O modelo de capitalização é uma espécie de poupança individual. O trabalhador define o percentual de contribuição e por quanto tempo, assim como na previdência privada. Esse é o objetivo final de Guedes: criar um regime de previdência pública tão parecida com a previdência privada que faça com que os trabalhadores gradualmente optem pelos produtos ofertados pelo mercado, ao invés do INSS. Essa proposta, aliás, foi elaborada por entidades ligadas ao sistema financeiro por meio da FIPE e entregue, já pronta, a Paulo Guedes, conforme atesta matéria do jornal Valor.

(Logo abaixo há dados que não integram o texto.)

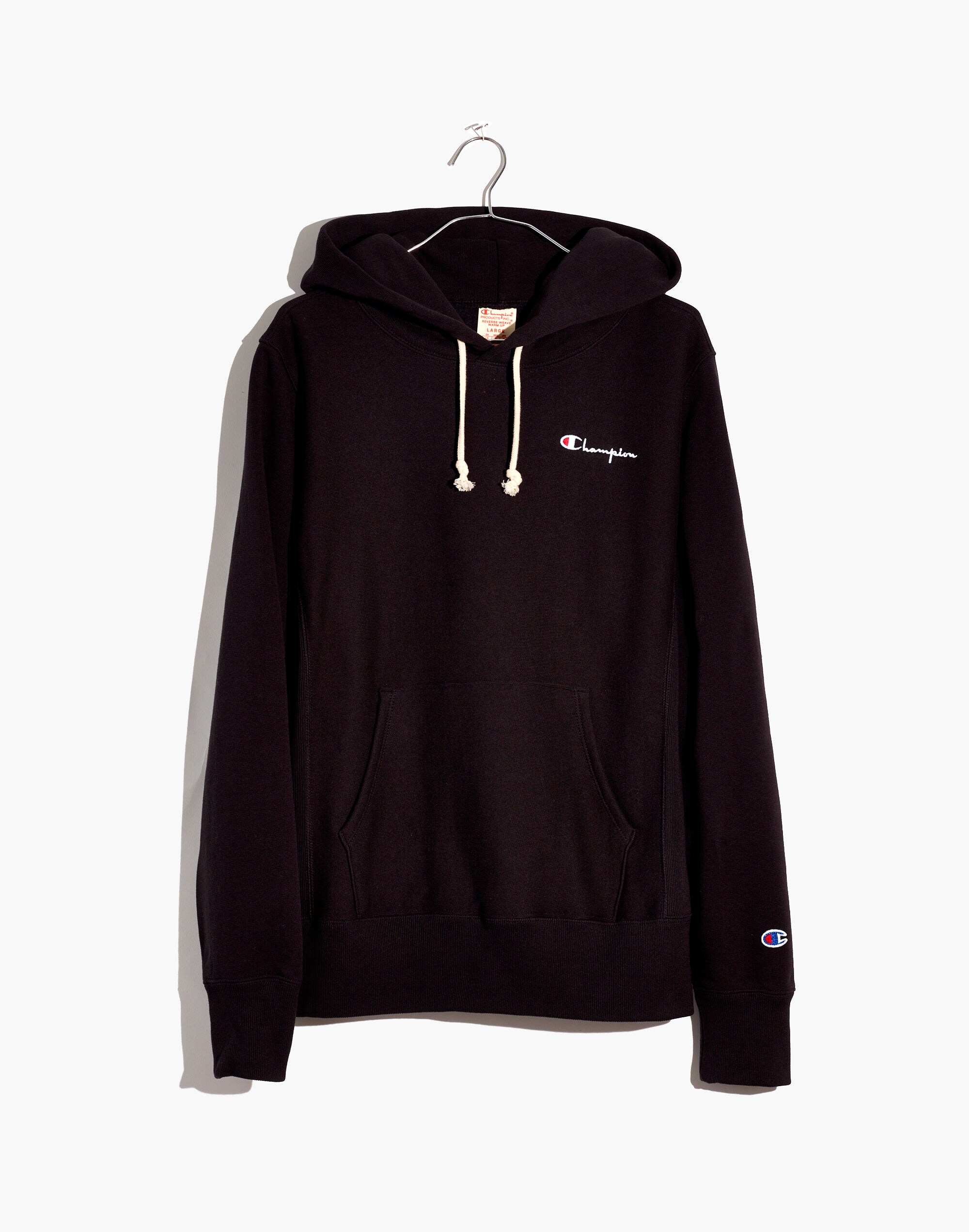 Champion&reg; Small Script Logo Pullover Hoodie Sweatshirt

As tentativas de alterar o modelo de Seguridade Social tal como pensado pela Constituição Federal de 1988 é antigo. O governo de Fernando Henrique Cardoso tentou aprovar uma idade mínima para todos os trabalhadores, mas foi derrotado. Para minimizar os impactos da derrota, foi aprovada a lei 9876, que criou o fator previdenciário. No governo Lula, a reforma da Previdência aprovada em 2003 retirou direitos dos trabalhadores do setor público. Em ambos os casos as reformas se ampararam em dois argumentos principais para afirmar a “inviabilidade do sistema”: o rombo fiscal e o envelhecimento da população.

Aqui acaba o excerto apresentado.